===== Provided records =====

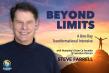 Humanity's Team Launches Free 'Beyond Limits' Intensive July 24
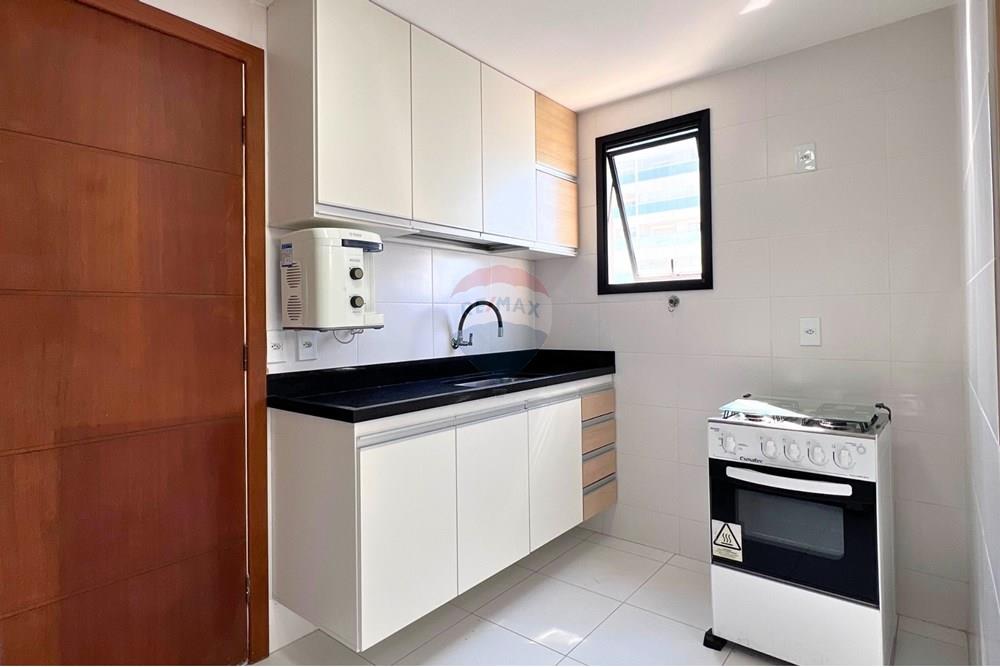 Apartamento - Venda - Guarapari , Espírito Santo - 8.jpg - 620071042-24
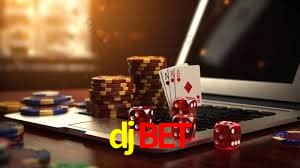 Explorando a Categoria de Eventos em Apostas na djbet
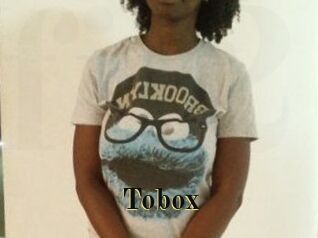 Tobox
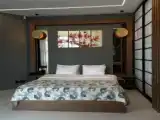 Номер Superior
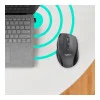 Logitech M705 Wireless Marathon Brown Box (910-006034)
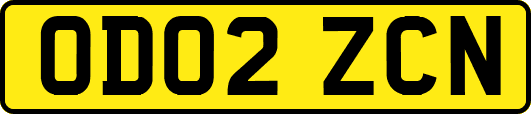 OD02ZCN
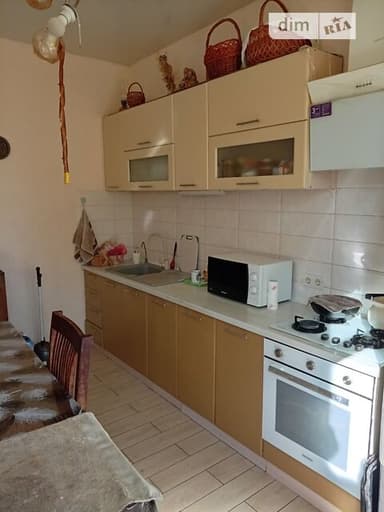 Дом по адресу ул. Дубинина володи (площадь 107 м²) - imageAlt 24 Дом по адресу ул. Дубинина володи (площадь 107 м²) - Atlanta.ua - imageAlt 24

=====
===== Provided records =====

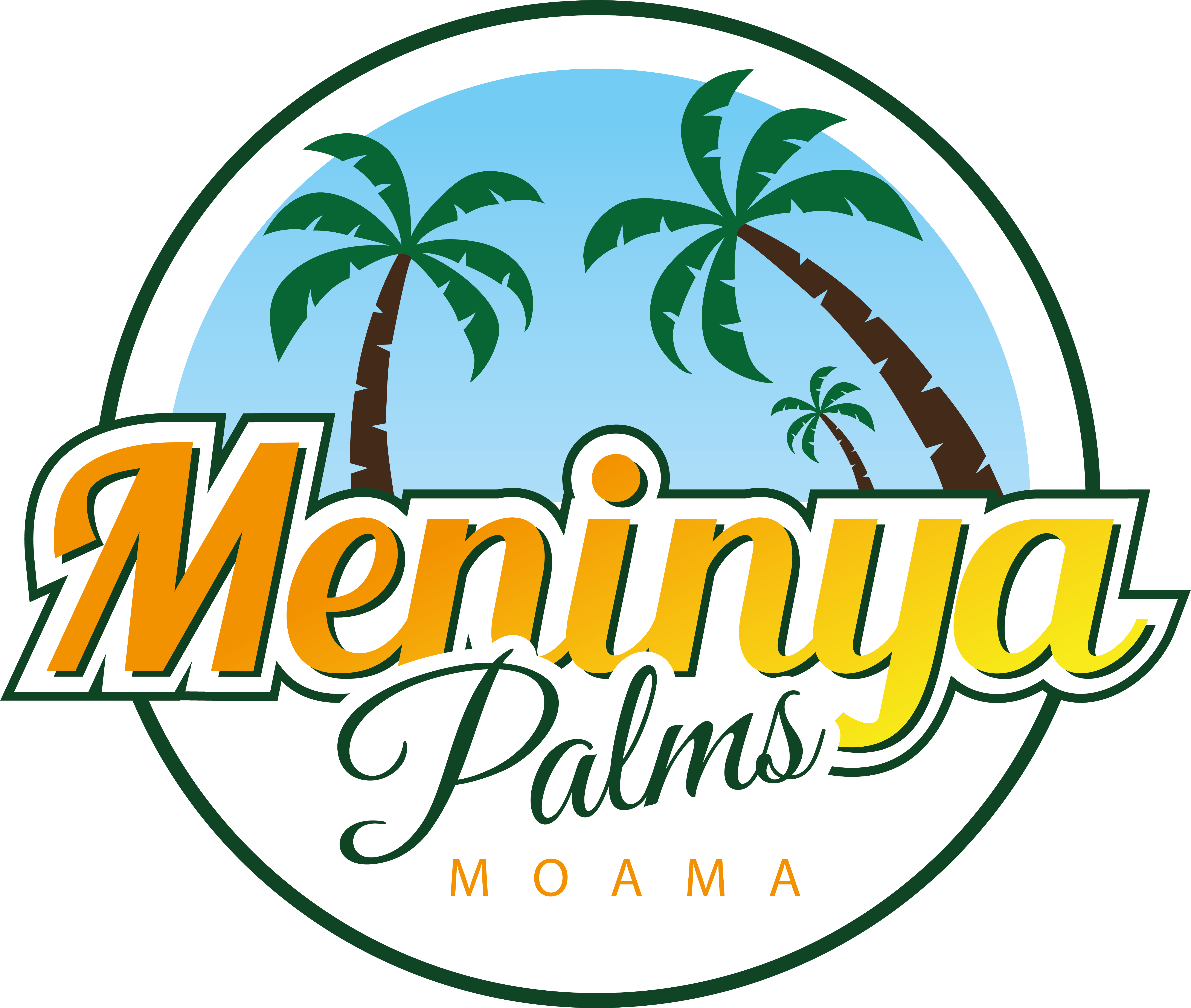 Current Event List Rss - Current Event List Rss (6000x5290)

=====

▶ **About this exercise**: Please return the data above exactly as it stands from the line with "Номер Superior" to the line with "Дом по адресу ул. Дубинина володи (площадь 107 м²) - imageAlt", keeping both of those lines but none of the pictures.

▶ **Output below**:
 Номер Superior
 Logitech M705 Wireless Marathon Brown Box (910-006034)
 OD02ZCN
 Дом по адресу ул. Дубинина володи (площадь 107 м²) - imageAlt 24 Дом по адресу ул. Дубинина володи (площадь 107 м²) - Atlanta.ua - imageAlt 24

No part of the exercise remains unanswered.